Data excerpt:

= Beginning of Section =

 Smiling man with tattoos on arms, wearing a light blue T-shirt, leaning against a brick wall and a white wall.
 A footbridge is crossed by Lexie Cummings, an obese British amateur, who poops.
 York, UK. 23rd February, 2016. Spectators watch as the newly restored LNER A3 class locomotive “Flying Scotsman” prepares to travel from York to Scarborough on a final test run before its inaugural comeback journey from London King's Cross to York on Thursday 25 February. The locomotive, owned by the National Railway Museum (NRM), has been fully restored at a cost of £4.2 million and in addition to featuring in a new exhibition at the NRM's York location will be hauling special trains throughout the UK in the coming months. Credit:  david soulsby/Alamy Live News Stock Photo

= End of Section =

What you should do:
From the first line of the data through the line with "A footbridge is", quote each line exactly and add nothing else.

Answer for this exercise:
 Smiling man with tattoos on arms, wearing a light blue T-shirt, leaning against a brick wall and a white wall.
 A footbridge is crossed by Lexie Cummings, an obese British amateur, who poops.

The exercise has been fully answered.